DVD copying == terrorism

The Guardian debunks the movie industry's claims that DVD counterfeiting funds al-Qaeda and other terrorists groups:
A couple of years ago, the Bush administration launched a major anti-drugs television campaign. It showed teenagers "confessing" to having killed a judge or a police officer because they had used drugs, and it said that drugs funded terrorism. Even if you were just having a joint in your back yard, the ad said, you could be helping terrorists. This was nonsense. The main profiteers from drugs in the US are American citizens who, if they are smart, vote Republican to ensure that the value of their product remains artificially high.
The chief backer of the September 11 attacks made his millions from his family's construction business. So should we stop all house-building now? By telling us that we are fighting terrorism by boycotting pirated DVDs, the industry is patronising us and misleading us. Our message should be: don't buy counterfeit and alarmist propaganda from these people.

Remember kids: every time you play an MP3, Osama bin Laden gets 50c to kill Americans with. Just say no.

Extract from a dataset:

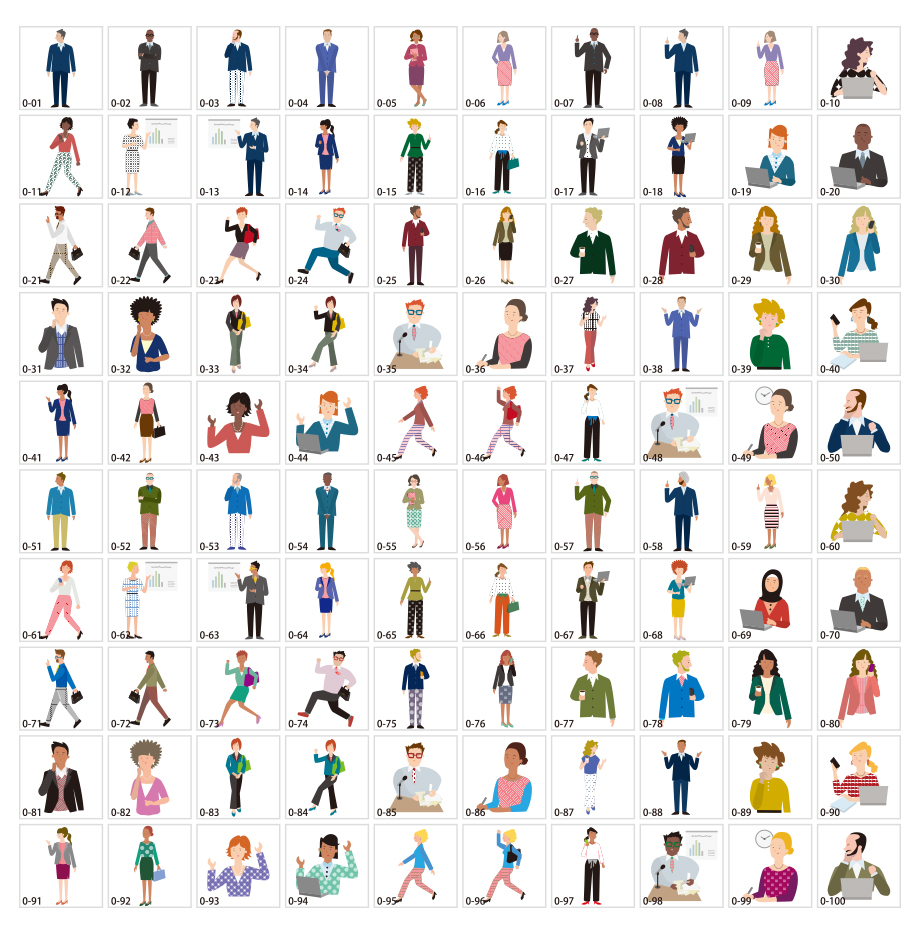 Global_business illustrations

(More indirectly, though, one could possibly make a terrorism case against those who provide copyright-enforcement-circumvention tools and file-sharing software, on the grounds that they are attacking the infrastructure of the US economy on which millions of lives ultimately depend. It's like that Bruce Sterling story in which a belligerent China bankrupts the US by setting up big fileservers hosting copies of Microsoft Office and the latest Hollywood blockbusters, free for the downloading.)